_EXERCISE GOAL_: Reproduce the data that follows character for character, but omit its pictures.

Dataset excerpts

Content starts

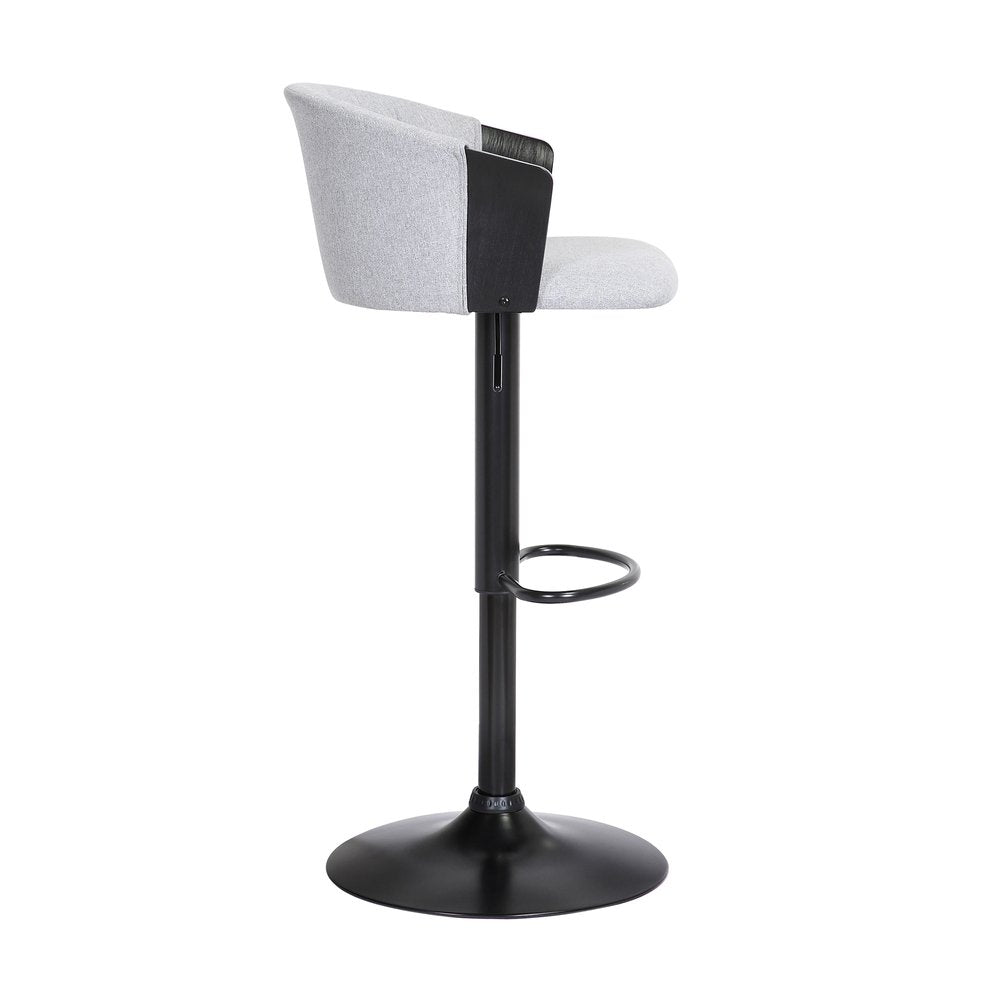 Light Gray And Black Fabric And Metal Adjustable Height Swivel Bar Chair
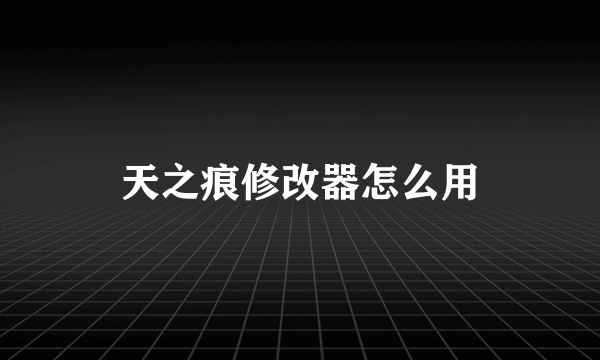 天之痕修改器怎么用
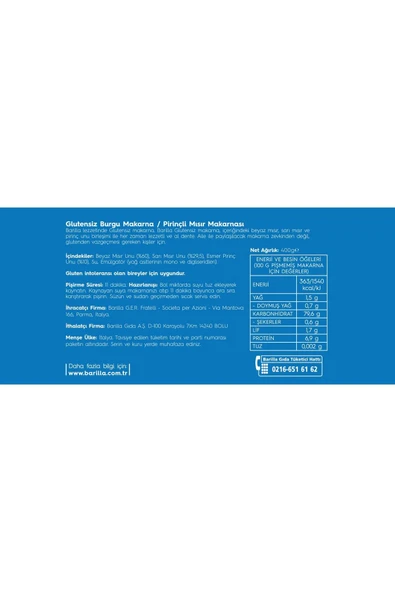 Barilla Glutensiz Fusilli/ Burgu Makarna 400 gr - Resim 3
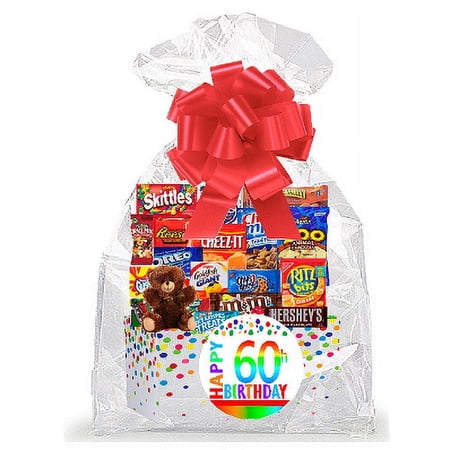 CakeSupplyShop Item#060BSG Happy 60th Birthday Rainbow Thinking Of You Cookies Candy & More Care Package Snack Gift Box Bundle Set – Ships FAST!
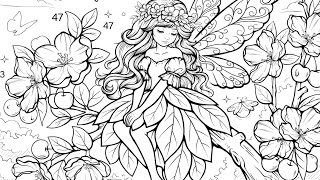 Color by Number Girl in a Fairy Garden Night Mushrooms Color Oasis Art Soothing Music #coloringbook screenshot 2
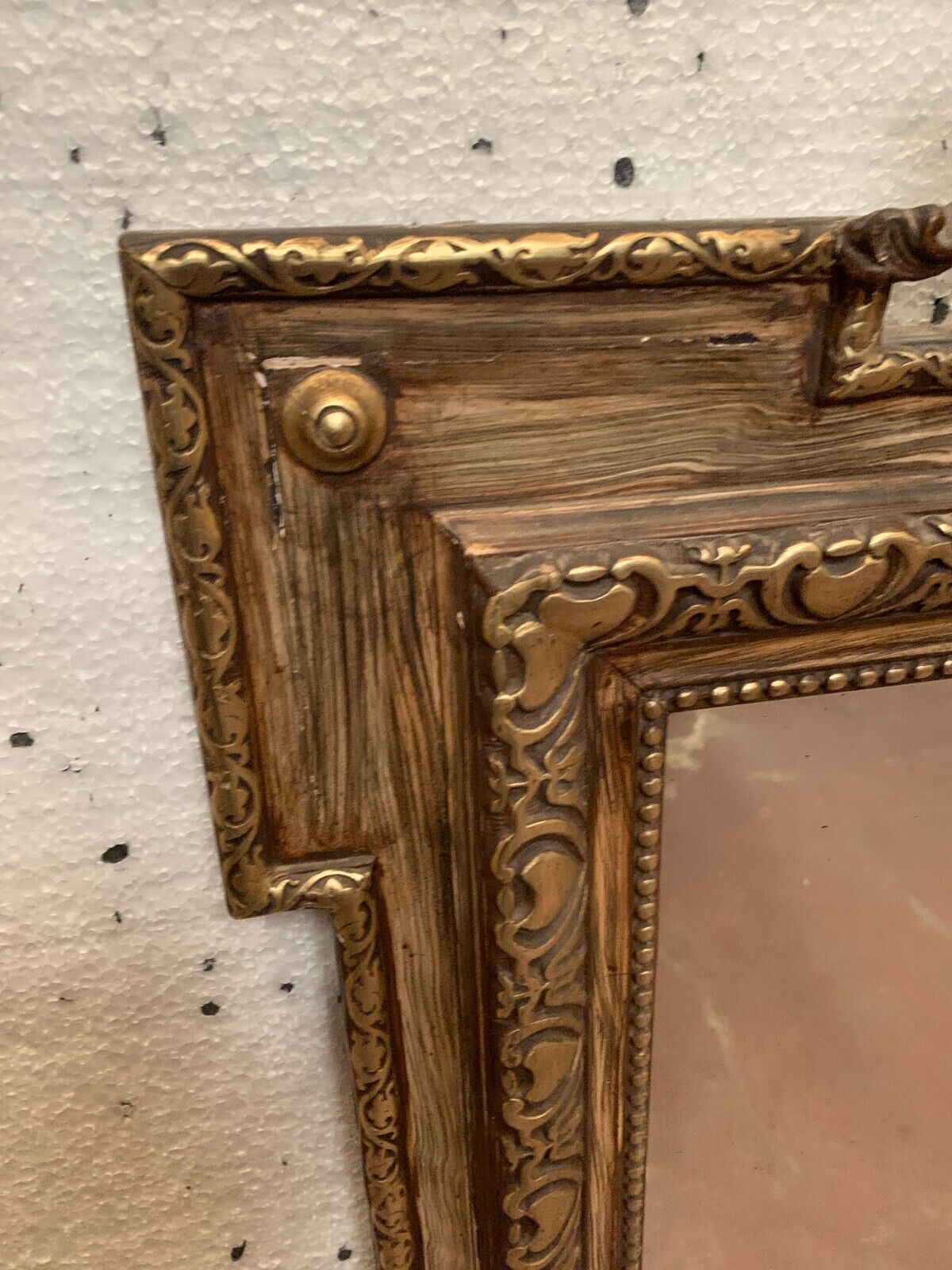 Napoleon III style mirror in wood and patinated stucco XX century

Content ends

_WORKED SOLUTION_:
 Light Gray And Black Fabric And Metal Adjustable Height Swivel Bar Chair
 天之痕修改器怎么用
 Barilla Glutensiz Fusilli/ Burgu Makarna 400 gr - Resim 3
 CakeSupplyShop Item#060BSG Happy 60th Birthday Rainbow Thinking Of You Cookies Candy & More Care Package Snack Gift Box Bundle Set – Ships FAST!
 Color by Number Girl in a Fairy Garden Night Mushrooms Color Oasis Art Soothing Music #coloringbook screenshot 2
 Napoleon III style mirror in wood and patinated stucco XX century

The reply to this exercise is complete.